There has been a large amount of recent interest in models involving new states with masses close to the proton and neutron; strong motivations come from the neutron lifetime anomaly and dark matter. While the proton (and ${}^9\mathrm{Be}$) lifetime has long been appreciated as a constraint on models of new physics, the fact that neutral hydrogen can decay in such scenarios has not received as much attention. The typical final state for hydrogen decay in such a model is fully invisible which makes it difficult to test. We have shown in this letter that nontrivial constraints can arise from the subdominant radiative decay mode where a photon is also emitted when comparing against data collected at Borexino. This could provide a direct test of scenarios where the neutron mixes with a dark state without the nuclear physics complications that have to be confronted when searching for it in the decay of heavier nuclei, such as ${}^{11}\mathrm{Be}$ [25,39,40].

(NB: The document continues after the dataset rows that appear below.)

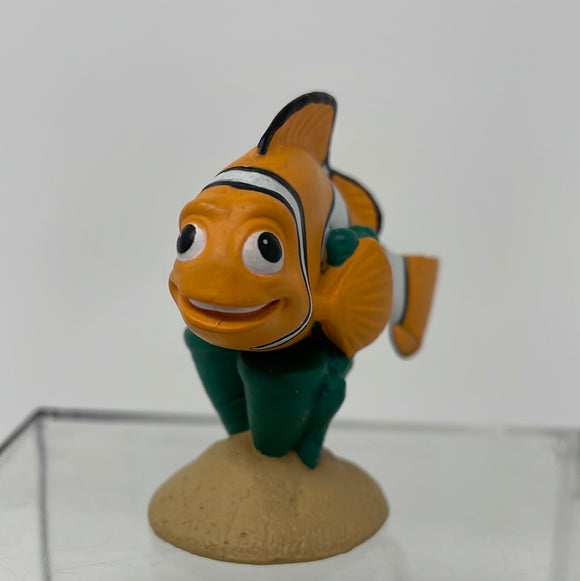 Disney Store Finding Nemo MARLIN Dad Clownfish PVC Cake Topper Figure Clown Fish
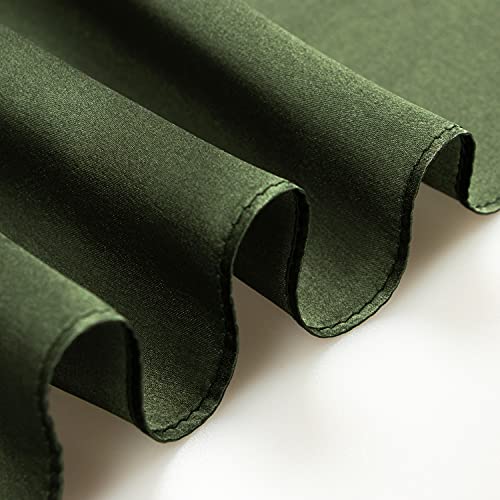 RIIQIICHY 100% Mulberry Silk Scarf for Women 21" Square Head Hair Neck Scarves Small Neckerchief3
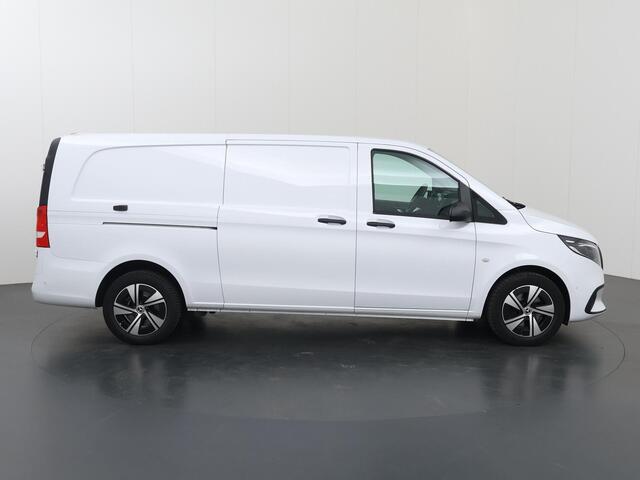 Mercedes-Benz VITO 116 CDI | Aut. | XL L3 | Select | Lederen Stuurwiel | Navigatie | Spiegelpakket | Alarm Klasse 3 | Verwarmde Comfortstoel Bestuurder en Bijrijdersbank | Airco | Dodehoekassistent | Parkeerpakket | Cruisecontrol | Trekhaak 2500kg | Achterdeuren 270 Graden 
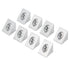 Zeberoxyz 8PCS Silver Angle Sharp Corner Bracket Connector with 16PCS M5x10mm Screws, 16PCS M5 T-Nuts for 2020Series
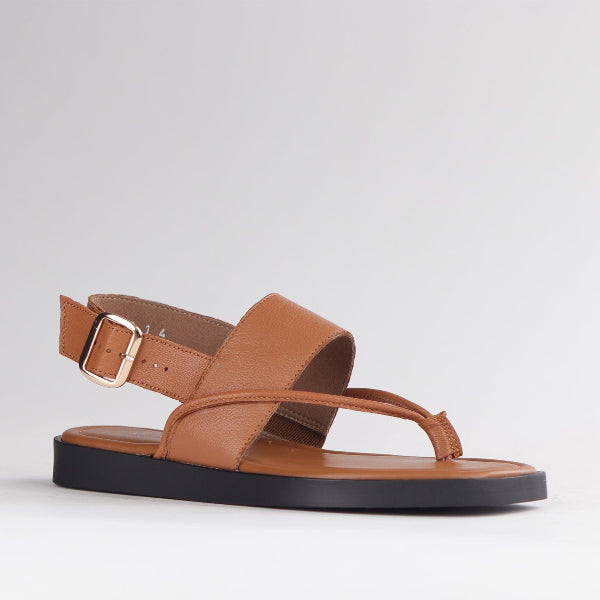 Froggie Shoes Shoes Toe Thong flat sandal in Tan  - 12868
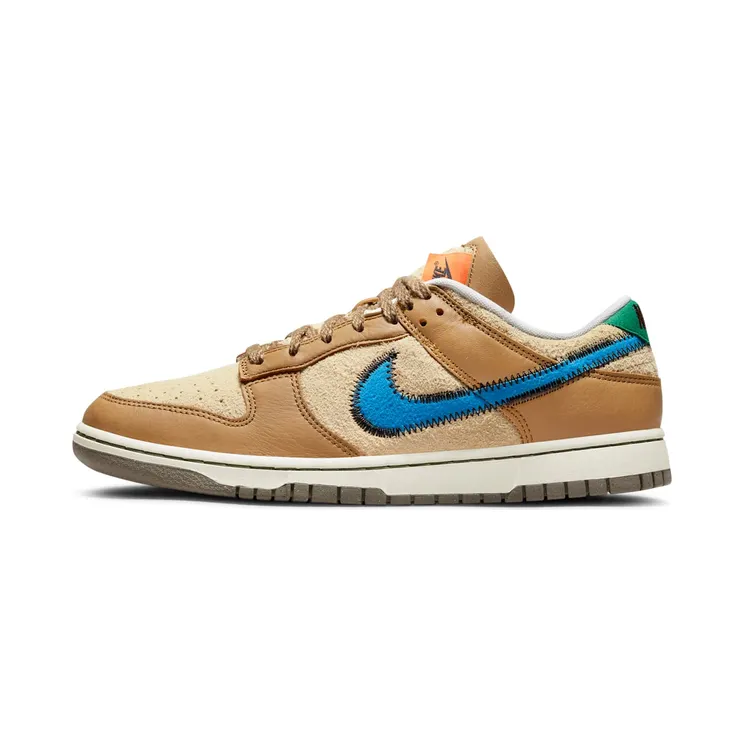 Nike x Size? Dunk Low – Brown “Dark Driftwood / Rattan / Green Noise / Light Photo Blue” (DO6712-200)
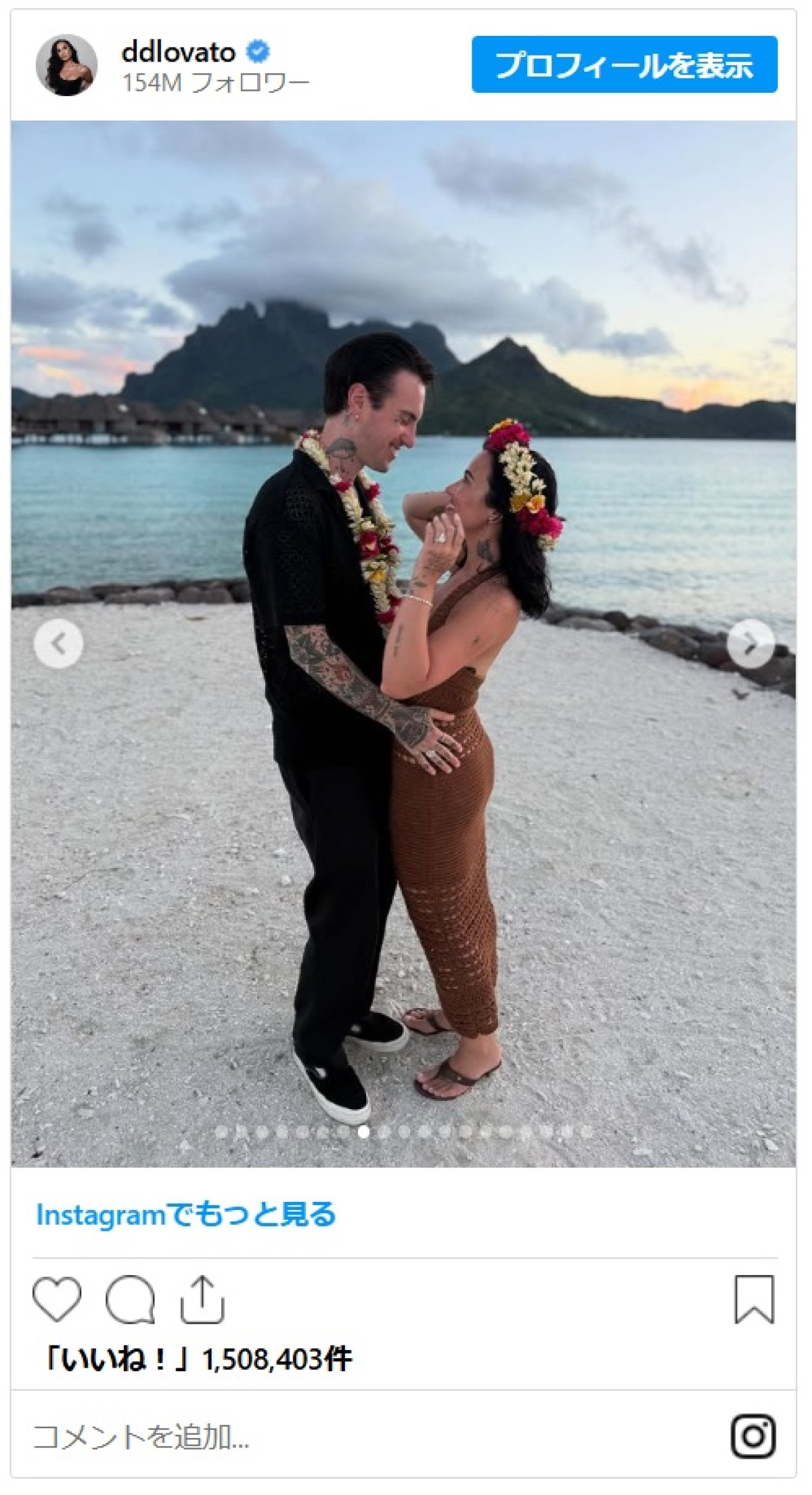デミ・ロヴァートがロマンチックなハネムーン写真公開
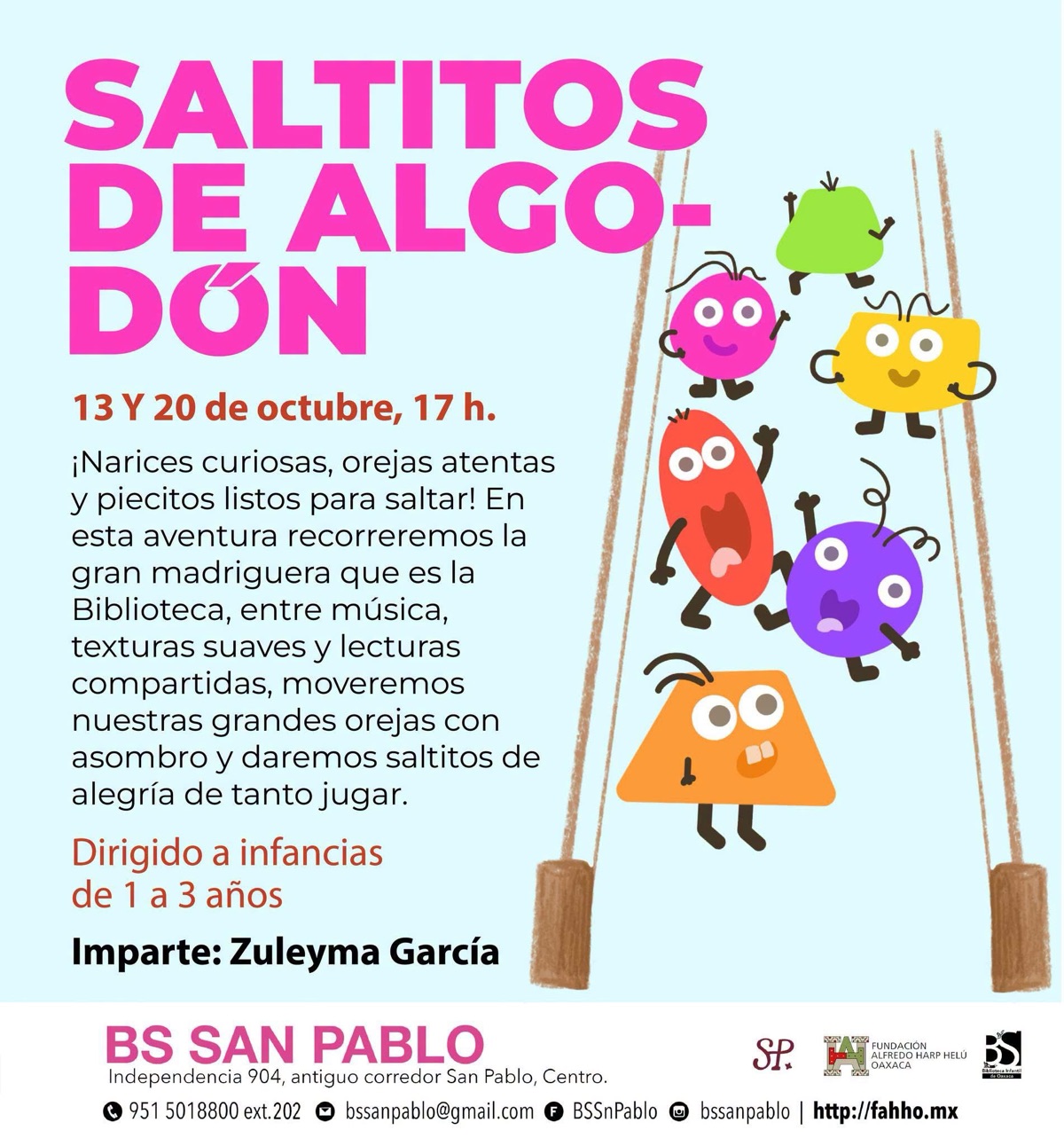 Saltitos de Algodón — evento en Oaxaca en Centro Cultural San Pablo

In addition, we have also shown limits on more general models, the toy model in Equation (1) and dimension-6 EFT in Equation (8), that can give rise to the decay of hydrogen. In the former, the constraints are quite strong since the leading decay mode involves a photon, while in the latter, the limits are comparable to those in the neutron-mixing model since the radiative mode occurs with branching fraction $\mathcal{O}(\alpha /4\pi )$. In all cases, the limits on the $\mathrm{H}$ lifetime attained here are far stronger than those that come from cosmological observations. It would be worthwhile to estimate the limits on ${\tau }_{\mathrm{H}}$ that could be extracted at future experiments, possibly with other organic scintillators or by doping sensitive detectors with hydrogen-containing compounds.

It is amusing that the stability of the proton and atomic hydrogen can be decoupled from one another. The Borexino bounds that we have derived set important constraints for models that are motivated to explain the neutron lifetime anomaly and explain the existence of dark matter. Furthermore, beyond these particular applications, it is interesting on general grounds to quantitatively address the stability of neutral hydrogen itself, which is, after all, the dominant form of atomic matter in our universe.